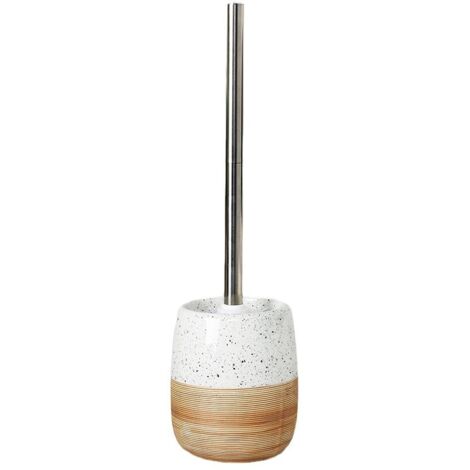 Brosse WC élégante avec base en céramique, une brosse WC durable pour une salle de bain moderne (blanche)
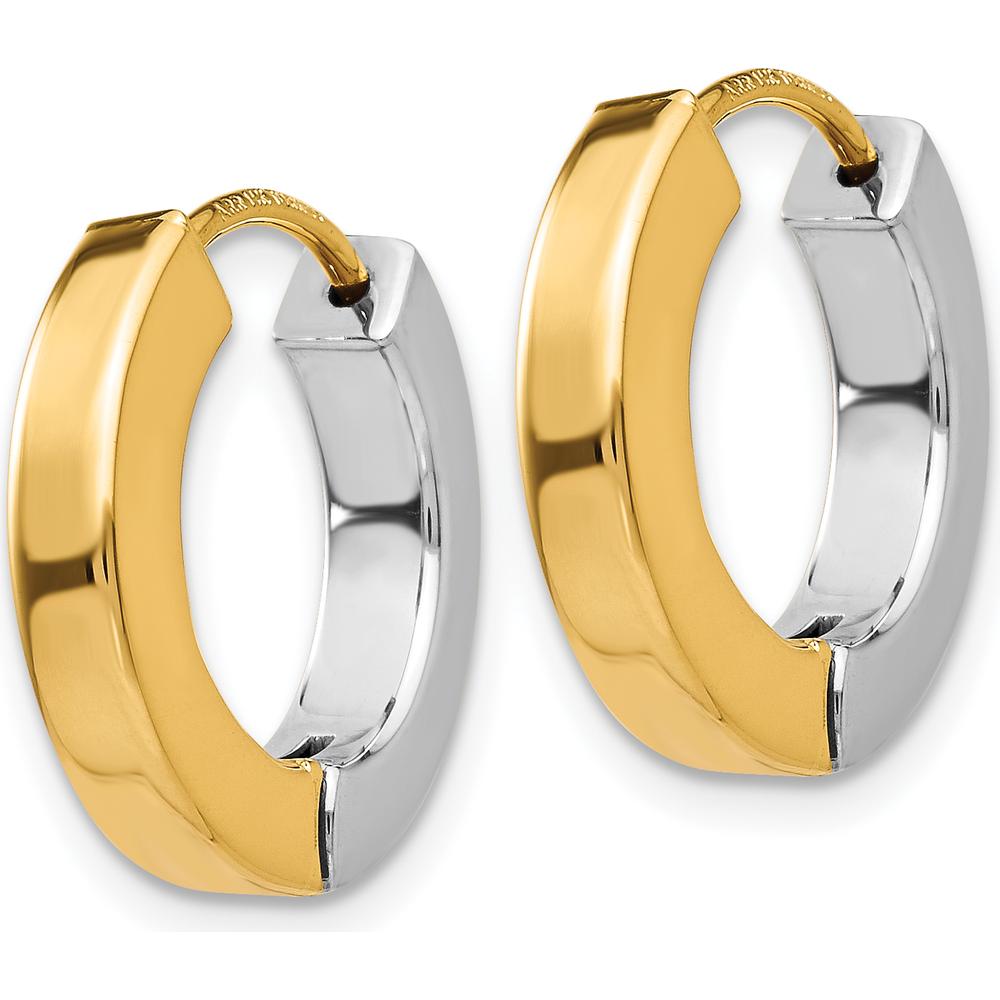 14K Two-Tone Gold Polished Hollow Hinged Hoop Earrings - 16mm Length, 3mm Thickness by 0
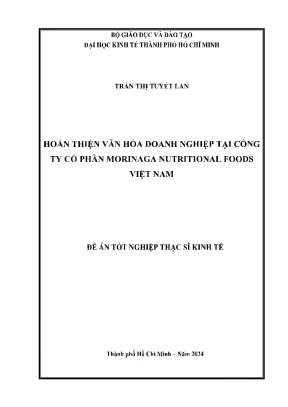 Hoàn thiện văn hóa doanh nghiệp ở công ty cổ phần morinaga nutritional foods việt nam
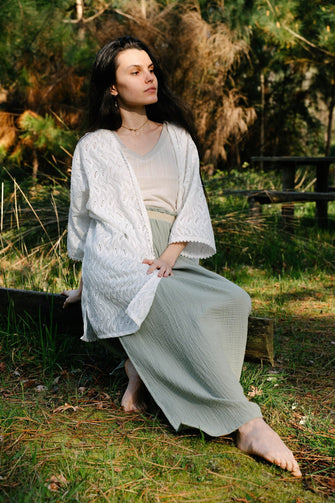 Jupe longue Lise sur mesure - gaze de coton vert sauge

= Work required =
With pictures excluded, output the listing above exactly as it stands.

= Exercise answer =
 Brosse WC élégante avec base en céramique, une brosse WC durable pour une salle de bain moderne (blanche)
 14K Two-Tone Gold Polished Hollow Hinged Hoop Earrings - 16mm Length, 3mm Thickness by 0
 Hoàn thiện văn hóa doanh nghiệp ở công ty cổ phần morinaga nutritional foods việt nam
 Jupe longue Lise sur mesure - gaze de coton vert sauge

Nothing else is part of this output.